網膜の血管が詰まった時の治療

前回、『網膜の血管が詰まってしまうと…』というおはなしをさせていただきました。

それでは、そういった変化が起こったときにどのような治療をすればよいのでしょうか?

 

どのような変化があるかによって治療方針は変わってきます。

治療方針においては『無灌流領域があるかどうか(虚血の変化があるかどうか)』が

基準となることが多いです。

実は、新生血管が生えてしまうことが見え方の今後を左右してきます。

新生血管は、無灌流領域があることで生えてくる血管ですので、

無灌流領域があるかどうかが治療の分かれ目となります。

まず、動脈硬化のみで無灌流領域がない場合には、基本的には経過観察をおこなっていきます。

経過観察中、無灌流領域が出てくるようになると、

無灌流領域がどれくらいあるかによって治療するかどうかを判断します。

無灌流領域があってもわずかである場合は経過観察をおこなう場合が多いですが、

広い範囲に無灌流領域があると、

新生血管が生えてくるリスクが高くなりますので治療を開始することが多いです。

無灌流領域があった場合、新生血管を生えにくいようにする治療として、

レーザー治療をおこないます。

特殊なレーザー光線を当てて無灌流領域を焼いてしまい、

新生血管を生えにくいようにしていきます。

すでに新生血管が生えてしまっている場合でもレーザー治療をおこない、

これ以上新生血管が生えてこないようにしていきます。

また、すでに生えてしまった新生血管もレーザー治療により枯れていく効果が期待できます。
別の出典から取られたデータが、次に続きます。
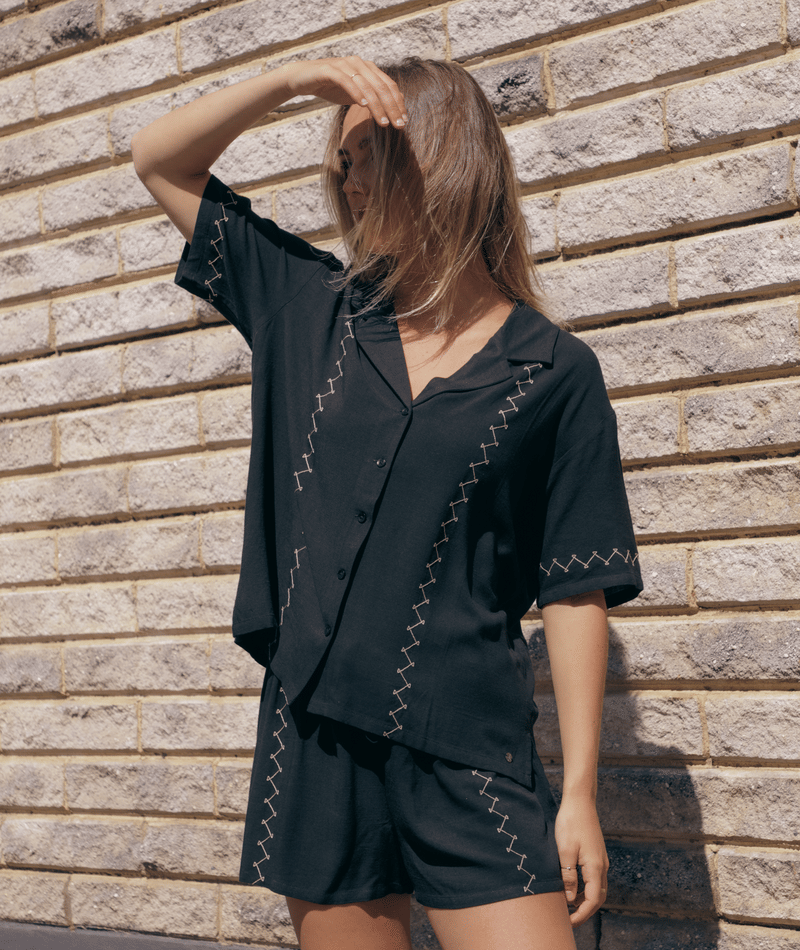 Volcom Bloomz Short in BLACK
新生血管から増殖膜に移行してしまった場合には手術が必要となる場合が多いです。

増殖膜は物理的に除去するしかなく、硝子体手術という手術で増殖膜を除去します。

また、増殖膜によって網膜剥離が起こってしまっている場合には、

増殖膜を除去し、同時に網膜剥離を治す治療をおこないます。

 

以上のように、網膜の静脈が詰まってしまった場合にはいくつかの治療のステップがあります。

現在のご自身の状況をしっかりと把握し、適切な治療を受けるようにしましょう。